▸ **PROVIDED DATA**:

☆ ☆ ☆ ☆ ☆

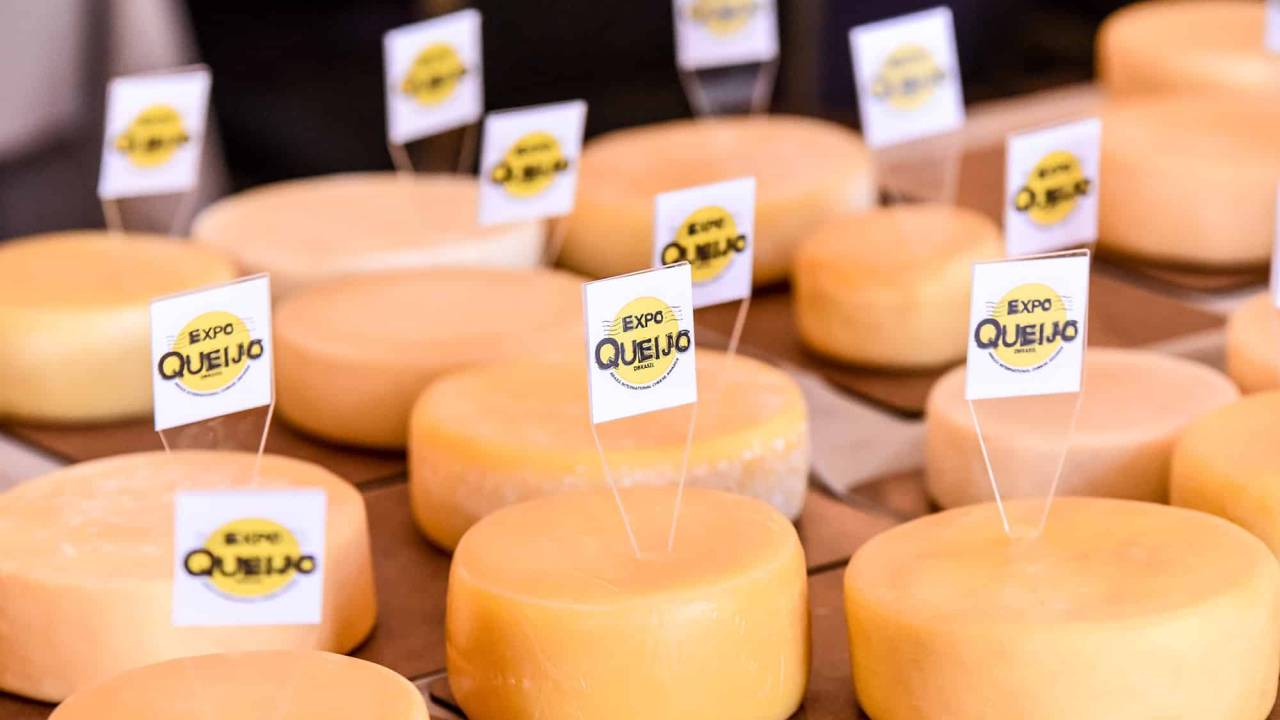 Expoqueijo Brasil 2025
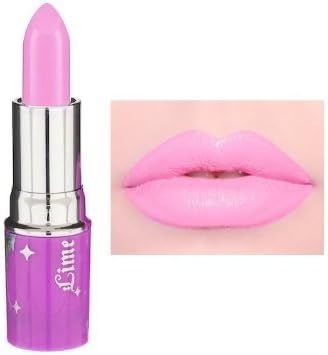 Lipstick Lime Crime GREAT PINK PLANET color ( Best seller net :Pack of 1 )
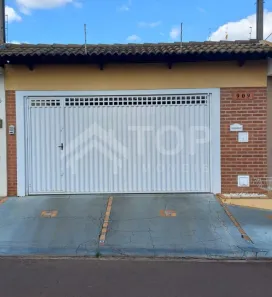 Casa com 3 Quartos à venda, 120m² no Parque Santa Felícia Jardim, São Carlos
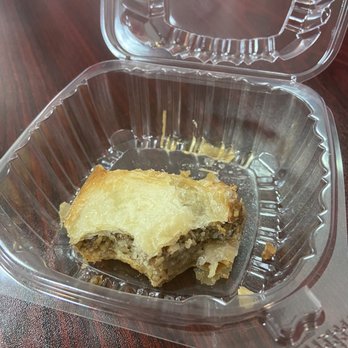 Loop Gyros - Baklava (delicious, sorry, we were almost done). - Sandwiches Near Me - Kissimmee, Florida Loop Gyros - Baklava (delicious, sorry, we were almost done). - Sandwiches Near Me - Kissimmee, Florida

☆ ☆ ☆ ☆ ☆

▸ **PROBLEM TO SOLVE**:
Where pictures occur in the material above, omit them and return everything else exactly.

▸ **EXPECTED OUTPUT**:
 Expoqueijo Brasil 2025
 Lipstick Lime Crime GREAT PINK PLANET color ( Best seller net :Pack of 1 )
 Casa com 3 Quartos à venda, 120m² no Parque Santa Felícia Jardim, São Carlos
 Loop Gyros - Baklava (delicious, sorry, we were almost done). - Sandwiches Near Me - Kissimmee, Florida Loop Gyros - Baklava (delicious, sorry, we were almost done). - Sandwiches Near Me - Kissimmee, Florida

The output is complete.